[Caption-style text data]
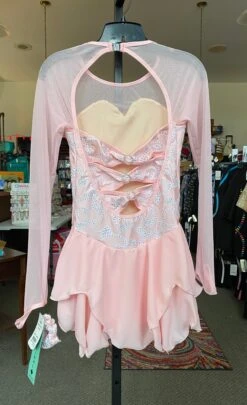 Jerry's Frost Petal #526 Skating Dress -Figure Skating Equipment Store IMG 0053
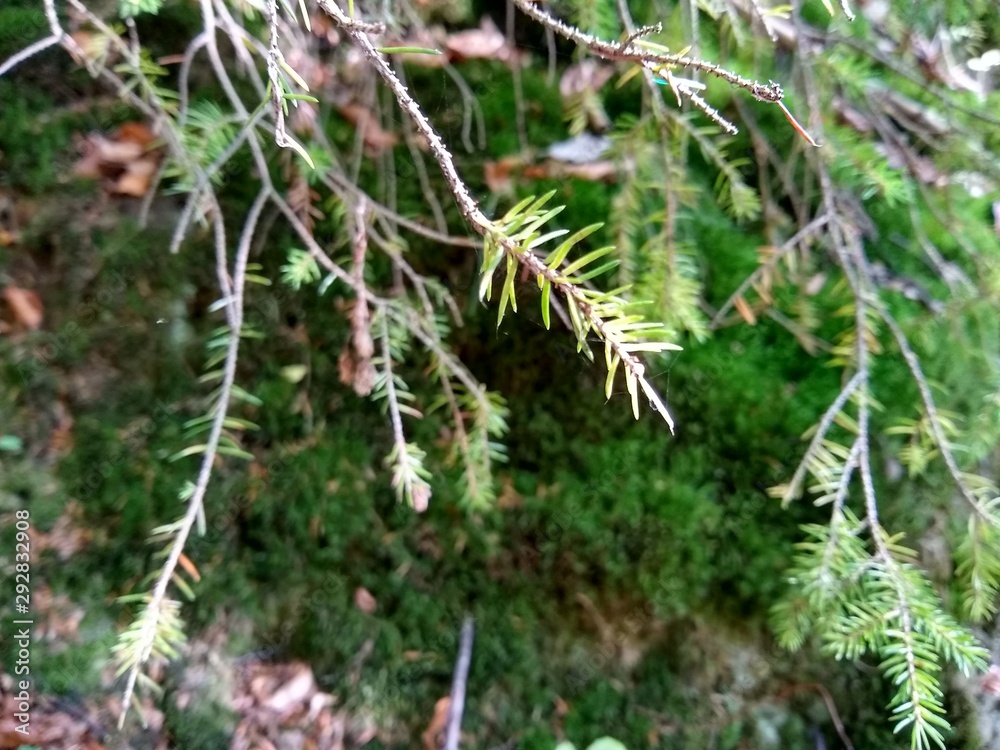 pine branch with cones pine branch with cones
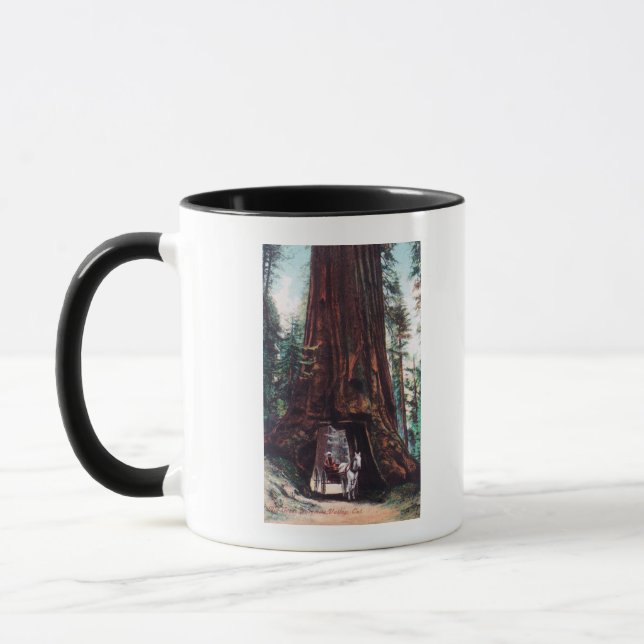 Beförderung unter einem riesigen Redwood Tasse (Links)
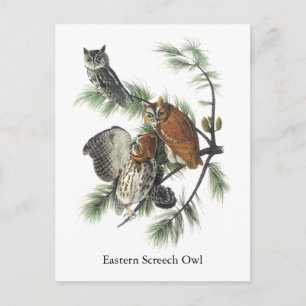 Carte Postale Chouette de l'Est, John Audubon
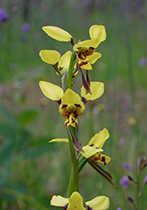 Diuris sulphurea - Photo:(c) 2021 Fauna Graphic Images.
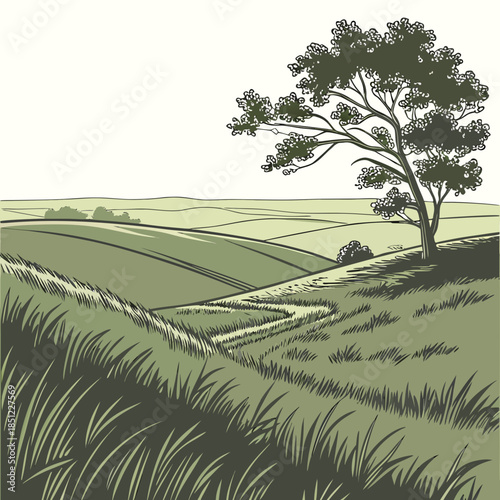 Green hillside with tree and grassy fields landscape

• _Task statement_:
Provide an exact copy of only the lines from the beginning of the entries through the line containing "Diuris sulphurea - Photo:(c)", both ends included, with no pictures.

• _Task output_:
 Jerry's Frost Petal #526 Skating Dress -Figure Skating Equipment Store IMG 0053
 pine branch with cones pine branch with cones
 Beförderung unter einem riesigen Redwood Tasse (Links)
 Carte Postale Chouette de l'Est, John Audubon
 Diuris sulphurea - Photo:(c) 2021 Fauna Graphic Images.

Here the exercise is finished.